This gig story is from pianist Nicki Kerns, who swears that it really happened. Here it is, in her own words:
In October 1992, during the presidential campaign, Vice President Dan Quayle was in town to do a fundraiser for Bruce Herschenson, who was running for United States Senator from California. A woman had called me to play for a cocktail party, at which Quayle was going to be the guest of honor.
At the time, she didn’t tell me that he was going to be there; she just said it was a “high-profile” guest, that security was going to be tight, and that the Secret Service would need my personal information so that they could do a background check on me. Well, if you’re doing a Secret Service check, then you’re playing for the President or the Vice President, right?
So once I figured out that it was Quayle, she admitted it, and said, “Well, you know, it’s a cocktail party, it’s going to be $1,000 a plate, we’ll have some people there. The Vice President’s reputation hasn’t been the greatest lately, and you’re going to be doing background music - so please play whatever you want, except ‘If I Only Had a Brain.’ ”
I thought she was kidding, but she was completely serious, so I said, “Fine.”
Well, the day of the job came, I showed up at this private residence in Los Altos Hills, and apparently it was a really expensive ticket price, because only 24 people showed up. For $1,000 they didn’t even get a plate.

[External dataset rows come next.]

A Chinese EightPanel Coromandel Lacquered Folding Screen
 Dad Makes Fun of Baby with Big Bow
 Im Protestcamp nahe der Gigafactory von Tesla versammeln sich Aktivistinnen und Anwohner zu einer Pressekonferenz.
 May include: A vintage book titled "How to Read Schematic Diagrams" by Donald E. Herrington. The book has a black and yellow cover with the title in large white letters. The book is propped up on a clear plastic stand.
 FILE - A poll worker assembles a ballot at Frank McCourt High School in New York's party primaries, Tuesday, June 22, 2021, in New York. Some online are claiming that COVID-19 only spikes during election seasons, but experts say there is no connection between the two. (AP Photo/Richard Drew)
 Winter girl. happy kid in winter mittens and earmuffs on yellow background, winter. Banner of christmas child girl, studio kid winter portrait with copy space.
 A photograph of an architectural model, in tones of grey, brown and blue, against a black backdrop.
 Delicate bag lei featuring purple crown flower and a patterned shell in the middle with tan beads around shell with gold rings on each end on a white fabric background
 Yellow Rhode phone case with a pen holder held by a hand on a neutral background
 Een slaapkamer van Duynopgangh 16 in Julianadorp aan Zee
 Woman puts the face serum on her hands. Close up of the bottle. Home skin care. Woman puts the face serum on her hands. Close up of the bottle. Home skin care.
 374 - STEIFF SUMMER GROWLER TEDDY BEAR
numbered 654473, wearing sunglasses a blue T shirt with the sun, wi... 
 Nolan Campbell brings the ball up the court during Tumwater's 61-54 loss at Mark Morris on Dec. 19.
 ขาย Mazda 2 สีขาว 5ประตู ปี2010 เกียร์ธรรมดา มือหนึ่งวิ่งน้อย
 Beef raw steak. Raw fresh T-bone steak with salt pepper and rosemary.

They got a cocktail napkin with two pieces of shrimp, and a glass of champagne.
When Quayle arrived with his Secret Service guys in their black limousines, instead of “If I Only Had a Brain,” I played that Gershwin song, “You say potato, and I say potatoe...let’s call the whole thing off.” Nobody caught the joke.
Quayle gave a speech that extolled Herschenson’s virtues while bashing Diane Feinstein and Barbara Boxer, which didn't make me happy. On my way home from the gig I passed a voter registration table in front of a store. The table had a sign asking Democrats to register to vote there. At the time I was a Republican, but that speech had left such a sour taste in my mouth that I stopped at that table, re-registered as a Democrat and put a bunch of "Clinton for President" stickers all over my car.
The best part of this story was that the woman who originally hired me for the Quayle gig hired me again for ANOTHER Republican fundraiser six months later! Of course I said yes, but had to park six blocks from the venue because I thought it would look bad to play at a Republican event with Democrat stickers all over my car.
Note: For readers who may not remember the “potatoe” incident and other details of his political career, see Wikipedia’s “Dan Quayle” entry, in the section “Vice Presidency.”